Ron Bailey of Reason magazine was more favorable to my side of the AEI debate. His post can be found here.


David Gordon said...

The claim that Darwinism inspired Stephens's "Cornerstone" address, which I assume Hayward has taken from
Harry Jaffa, cannot be sustained. The Origin of Species, which was published about 16 months before Stephens's speech, does not discuss human evolution and mentions Negroes only a few times, always innocuously.

Larry Arnhart said...


Yes, you're right. In my chapter on slavery in DARWINIAN NATURAL RIGHT (chapter 7), I refer to Stephens' "cornerstone" speech (p. 204-205) in my account of how the proslavery people relied on the racist science of Josiah Nott, Samuel Morton, and others. A big part of Darwin's DESCENT was to refute that racist science behind the proslavery position.

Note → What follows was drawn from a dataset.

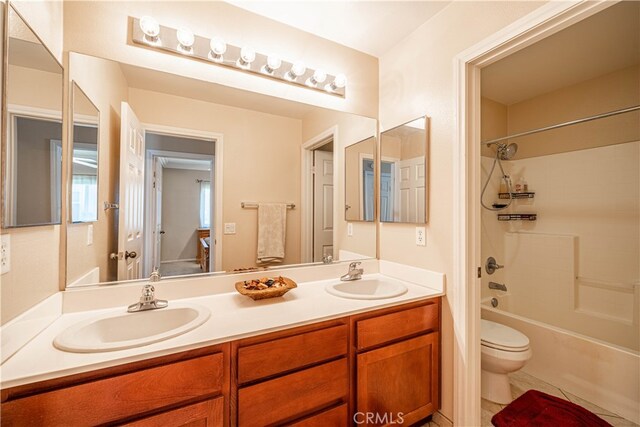 full bathroom featuring shower / tub combination, vanity, tile patterned flooring, and toilet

You're also right that Hayward draws this from Harry Jaffa. Actually, Jaffa is a little strange on this issue. He praised my DARWINIAN NATURAL RIGHT book. But he regularly denounces Darwinian science as immoral. Oddly enough, he once confessed to me that he had never read Darwin!

It's also significant that Jaffa doesn't comment on Abraham Lincoln's acceptance of the evolutionary theory promoted by Robert Chambers' VESTIGES OF THE NATURAL HISTORY OF CREATION, which Darwin identified as an early forerunner of his view. As I have noted on this blog, there are many similarities between Lincoln and Darwin that make it remarkable that they were born on the same day--February 12, 1809.

John Farrell said...

Excellent post, Larry.

When it comes to science, Ferguson's slipshod, dishonest journalism is, I'm sad to say (as a conservative author who has written on occasion for mags like National Review) the standard swill being recycled in virtually every conservative magazine, whether it's NR, The Weekly Standard, The American Spectator or even Commentary. That conservative journalists should be so cyncial is one of the most depressing things I've learned over the past decade.

Ferguson ought to be ashamed of himself. For that matter, so should the editors of the Standard. One expects NR to basically parrot whatever the latest talking points of the Discovery Institute are, but I would've though Bill Kristol and co. had more brains.

Kent Guida said...

Ferguson is a great writer, but he suffers from lack of basic information and terminal superficiality on this issue. But this piece was not nearly as bad as his earlier effort in TWS:
Evolutionary Psychology and Its True Believers
03/19/2001, Volume 006, Issue 26

I wouldn't go as far as Mr. Farrell, but I do think it is legitimate to demand that journalists like Ferguson and other writiers for political journals covering this area actually read your books before writing about your ideas.

The conservative journals Mr. Farrell mentions are really doing a great disservice to their readers by not discussing these questions with the seriousness they deserve.